Fráguas Mariane Serra, Eggenschwiler Reto, Hoepfner Jeannine, Schiavinato Josiane Lilian Dos Santos, Haddad Rodrigo, Oliveira Lucila Habib Bourguignon, Araújo Amélia Góes, Zago Marco Antônio, Panepucci Rodrigo Alexandre, Cantz Tobias
Department of Clinical Medicine, Faculty of Medicine, University of São Paulo (FMRP-USP), Brazil; National Institute of Science and Technology in Stem Cell and Cell Therapy (INCTC), Center for Cell Therapy (CTC), Regional Blood Center, Ribeirão Preto, Brazil; Translational Hepatology and Stem Cell Biology, REBIRTH Cluster of Excellence and Dept. of Gastroenterology, Hepatology, and Endocrinology, Hannover Medical School, Hannover, Germany.
Translational Hepatology and Stem Cell Biology, REBIRTH Cluster of Excellence and Dept. of Gastroenterology, Hepatology, and Endocrinology, Hannover Medical School, Hannover, Germany.
Stem Cell Res. 2017 Mar;19:21-30. doi: 10.1016/j.scr.2016.12.020. Epub 2016 Dec 19.
Somatic cell reprogramming by transcription factors and other modifiers such as microRNAs has opened broad avenues for the study of developmental processes, cell fate determination, and interplay of molecular mechanisms in signaling pathways. However, many of the mechanisms that drive nuclear reprogramming itself remain yet to be elucidated. Here, we analyzed the role of miR-29 during reprogramming in more detail. Therefore, we evaluated miR-29 expression during reprogramming of fibroblasts transduced with lentiviral OKS and OKSM vectors and we show that addition of c-MYC to the reprogramming factor cocktail decreases miR-29 expression levels. Moreover, we found that transfection of pre-miR-29a strongly decreased OKS-induced formation of GFP-colonies in MEF-cells from Oct4-eGFP reporter mouse, whereas anti-miR-29a showed the opposite effect. Furthermore, we studied components of two pathways which are important for reprogramming and which involve miR-29 targets: active DNA-demethylation and Wnt-signaling. We show that inhibition of Tet1, Tet2 and Tet3 as well as activation of Wnt-signaling leads to decreased reprogramming efficiency. Moreover, transfection of pre-miR-29 resulted in elevated expression of β-Catenin transcriptional target sFRP2 and increased TCF/LEF-promoter activity. Finally, we report that Gsk3-β is a direct target of miR-29 in MEF-cells. Together, our findings contribute to the understanding of the molecular mechanisms by which miR-29 influences reprogramming.
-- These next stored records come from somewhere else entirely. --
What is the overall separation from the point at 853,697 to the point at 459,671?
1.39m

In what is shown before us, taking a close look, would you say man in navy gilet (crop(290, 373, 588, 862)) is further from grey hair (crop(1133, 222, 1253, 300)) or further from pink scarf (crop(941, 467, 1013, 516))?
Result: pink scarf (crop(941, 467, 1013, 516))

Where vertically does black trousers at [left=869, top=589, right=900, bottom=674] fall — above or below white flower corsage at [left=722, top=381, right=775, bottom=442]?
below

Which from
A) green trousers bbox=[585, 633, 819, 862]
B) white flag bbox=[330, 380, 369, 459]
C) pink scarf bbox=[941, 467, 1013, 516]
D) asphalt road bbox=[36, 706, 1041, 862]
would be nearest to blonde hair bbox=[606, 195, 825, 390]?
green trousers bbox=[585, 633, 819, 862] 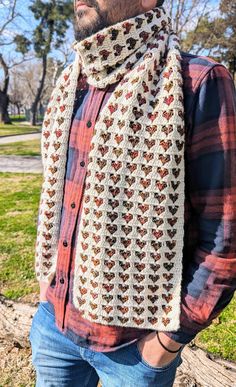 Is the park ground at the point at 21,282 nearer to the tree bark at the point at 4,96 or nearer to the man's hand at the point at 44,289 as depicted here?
the man's hand at the point at 44,289

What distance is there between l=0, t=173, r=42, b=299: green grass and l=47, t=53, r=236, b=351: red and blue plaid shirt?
88.6 inches

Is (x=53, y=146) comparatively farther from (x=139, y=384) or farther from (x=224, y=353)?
(x=224, y=353)

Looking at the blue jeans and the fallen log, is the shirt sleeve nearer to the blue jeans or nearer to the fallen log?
the blue jeans

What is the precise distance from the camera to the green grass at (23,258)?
8.93 feet

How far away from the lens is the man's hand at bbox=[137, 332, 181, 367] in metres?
1.11

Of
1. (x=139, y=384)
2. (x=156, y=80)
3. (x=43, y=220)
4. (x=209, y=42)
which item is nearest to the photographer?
(x=156, y=80)

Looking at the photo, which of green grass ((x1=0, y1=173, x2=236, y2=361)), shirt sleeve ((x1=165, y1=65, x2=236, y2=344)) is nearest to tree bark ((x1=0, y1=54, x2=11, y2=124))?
Answer: green grass ((x1=0, y1=173, x2=236, y2=361))

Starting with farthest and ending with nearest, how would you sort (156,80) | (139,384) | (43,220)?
→ (43,220) < (139,384) < (156,80)

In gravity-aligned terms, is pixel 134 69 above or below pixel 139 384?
above

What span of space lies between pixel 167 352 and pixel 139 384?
0.15 meters

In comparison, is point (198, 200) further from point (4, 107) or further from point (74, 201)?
point (4, 107)

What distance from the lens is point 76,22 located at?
3.88 ft

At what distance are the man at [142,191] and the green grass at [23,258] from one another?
1.66m

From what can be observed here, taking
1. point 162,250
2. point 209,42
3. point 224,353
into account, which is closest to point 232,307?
point 224,353
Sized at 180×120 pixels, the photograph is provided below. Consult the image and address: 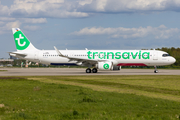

通过转录因子和其他修饰因子(如微小RNA)进行的体细胞重编程为发育过程、细胞命运决定以及信号通路中分子机制的相互作用研究开辟了广阔的道路。然而,驱动核重编程本身的许多机制仍有待阐明。在此,我们更详细地分析了miR - 29在重编程过程中的作用。因此,我们评估了用慢病毒OKS和OKSM载体转导的成纤维细胞重编程过程中miR - 29的表达,结果表明在重编程因子混合物中添加c - MYC会降低miR - 29的表达水平。此外,我们发现转染pre - miR - 29a会强烈降低来自Oct4 - eGFP报告基因小鼠的MEF细胞中OKS诱导的GFP集落形成,而抗miR - 29a则显示出相反的效果。此外,我们研究了对重编程很重要且涉及miR - 29靶标的两条信号通路的组成部分:活性DNA去甲基化和Wnt信号通路。我们发现抑制Tet1、Tet2和Tet3以及激活Wnt信号通路会导致重编程效率降低。此外,转染pre - miR - 29会导致β - 连环蛋白转录靶标sFRP2的表达升高以及TCF/LEF启动子活性增加。最后,我们报告Gsk3 - β是MEF细胞中miR - 29的直接靶标。总之,我们的研究结果有助于理解miR - 29影响重编程的分子机制。